The total US sales force incentives paid out to sales people is probably over $240 Billion/year. This compared to about $60 Billion spent on digital advertising according to the IAB. That works out to sales person commissions and bonuses that are four times the digital marketing spend. We exclude sales force salaries and benefits for this estimate.
In other words, businesses cannot resist the idea of giving out an incentive upon concluding a deal. You hope that the dangling commission of a carrot will keep the sales team motivated. On the face of it, it makes great sense because you pay for results - no results - no pay ... how can you go wrong?
In contrast, its hard to pinpoint the particular ad view that "caused" the sale. Or to what would you attribute a particular sale. Attribution is a difficult idea to grasp in the context of business and marketing.
Consider the attribution challenge in business generally. If you are a builder and are required to complete a home delivery by fall - you know that you need to put more worker resources. Now. If quality of work is important to you, you will involve highly skilled workers. For keeping on time you could get a project manager. All of this will mean increased costs.
If your customer is very happy at project delivery the attribution problem is:Is the customer happy because of timeliness ? (your project manager), Great quality of materials and work?( your skilled worker team, your quality suppliers) or your regular communication and updates ? (that's you, keeping the customer informed). Probably all these factors had roles to play for a happy customer and you can't really attribute customer happiness to just one factor.
Similarly, while you feel "in control" giving out a commission on a completed sale - the salesperson's effort is not the only thing that is working.

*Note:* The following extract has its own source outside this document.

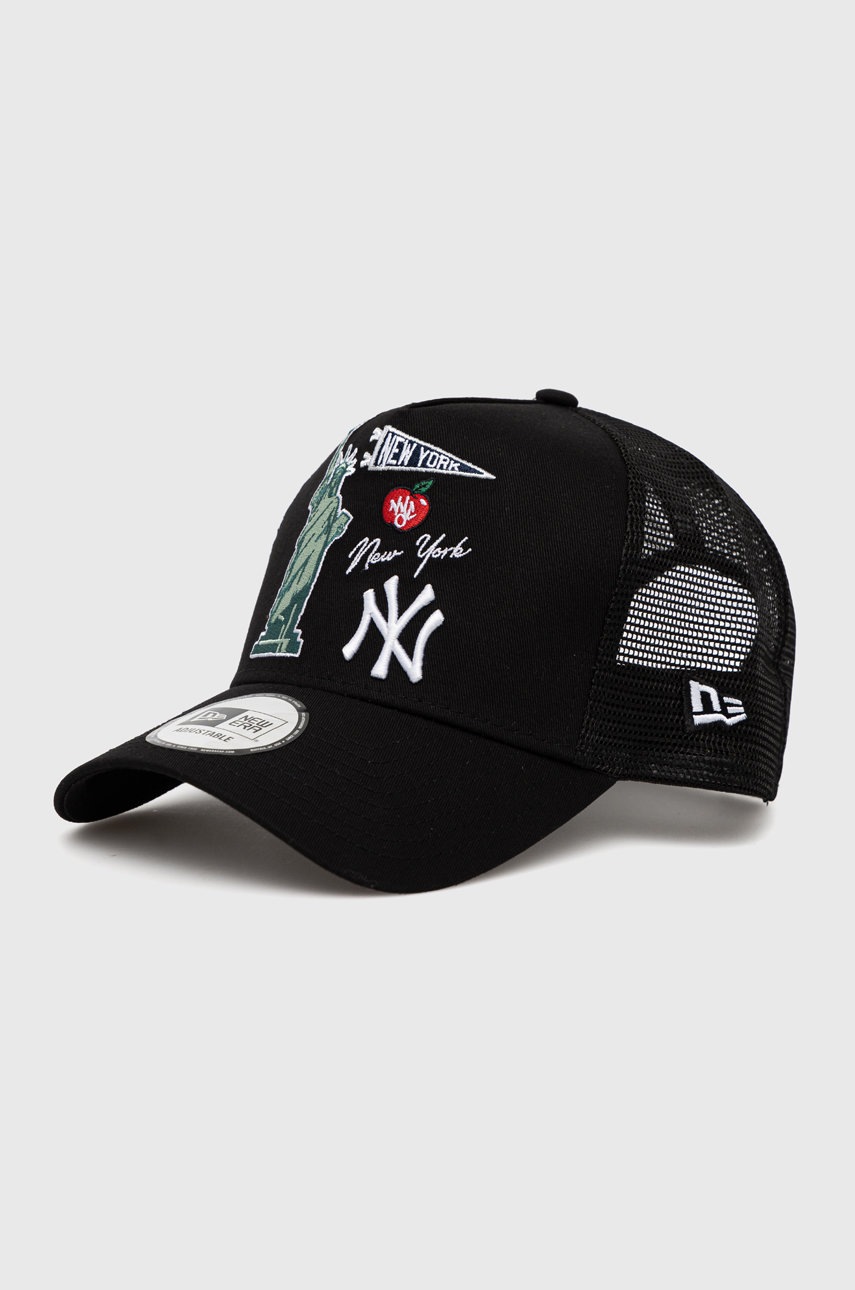 

Шапка с козирка New Era в черно с апликация, Черен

The customer who signs up has done her research, potentially talked with your other customers and that is why the sale occurs. These other inputs that the customer relies on , before deciding together makes up the marketing effort. Hence both marketing and sales work together. Marketing messages help in smoothing the difficult challenge that salespeople face everyday. If a customer is already aware of a brand(through marketing) , she is much happier to listen to the sales pitch.
And then there are downsides to relying only on sales force incentives as this Harvard Business Review piece suggests. Commissions and incentives are a great motivator, except that the sales force becomes short term oriented. Salespeople are not entirely committed to customer satisfaction over the long term, they just want to make the sale. Since rewards are tied to signed contracts and there is really not much incentive in uncovering customer priorities. Perhaps some of these priorities are not met by your offering. There is every chance of "dropping the ball" between sales and the rest of the organization when sales is incentive driven.
In summary, sales force incentives do motivate salespeople. However, attributing the sale entirely to the sales person is an error. Your offline and online advertising,website,social media,current happy customers are all making the sale possible.